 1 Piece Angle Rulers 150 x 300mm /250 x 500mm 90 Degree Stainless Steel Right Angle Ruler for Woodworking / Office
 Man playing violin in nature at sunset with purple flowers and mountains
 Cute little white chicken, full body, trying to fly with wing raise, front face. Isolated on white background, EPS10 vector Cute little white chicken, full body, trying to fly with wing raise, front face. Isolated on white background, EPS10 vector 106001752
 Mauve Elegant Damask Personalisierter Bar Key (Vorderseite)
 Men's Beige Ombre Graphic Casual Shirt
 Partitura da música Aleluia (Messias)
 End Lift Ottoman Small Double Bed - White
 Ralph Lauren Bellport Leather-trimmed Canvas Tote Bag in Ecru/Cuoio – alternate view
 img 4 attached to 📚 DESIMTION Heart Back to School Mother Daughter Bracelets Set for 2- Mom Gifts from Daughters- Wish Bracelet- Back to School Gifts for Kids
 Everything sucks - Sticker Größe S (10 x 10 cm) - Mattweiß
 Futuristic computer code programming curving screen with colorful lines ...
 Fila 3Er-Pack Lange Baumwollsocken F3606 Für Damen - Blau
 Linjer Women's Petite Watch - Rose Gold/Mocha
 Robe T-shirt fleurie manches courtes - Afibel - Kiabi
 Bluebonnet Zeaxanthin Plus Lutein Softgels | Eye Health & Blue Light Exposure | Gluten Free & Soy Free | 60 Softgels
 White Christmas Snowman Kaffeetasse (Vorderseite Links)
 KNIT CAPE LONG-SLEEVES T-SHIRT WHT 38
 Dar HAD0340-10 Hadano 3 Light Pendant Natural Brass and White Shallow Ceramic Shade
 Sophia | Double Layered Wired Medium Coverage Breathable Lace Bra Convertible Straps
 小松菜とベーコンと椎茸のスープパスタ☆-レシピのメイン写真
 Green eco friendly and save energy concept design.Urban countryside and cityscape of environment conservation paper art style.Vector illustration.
────────
* What is expected
Where a line in the material above holds "with", copy that line.

* Problem solution
 Man playing violin in nature at sunset with purple flowers and mountains
 Cute little white chicken, full body, trying to fly with wing raise, front face. Isolated on white background, EPS10 vector Cute little white chicken, full body, trying to fly with wing raise, front face. Isolated on white background, EPS10 vector 106001752
 Futuristic computer code programming curving screen with colorful lines ...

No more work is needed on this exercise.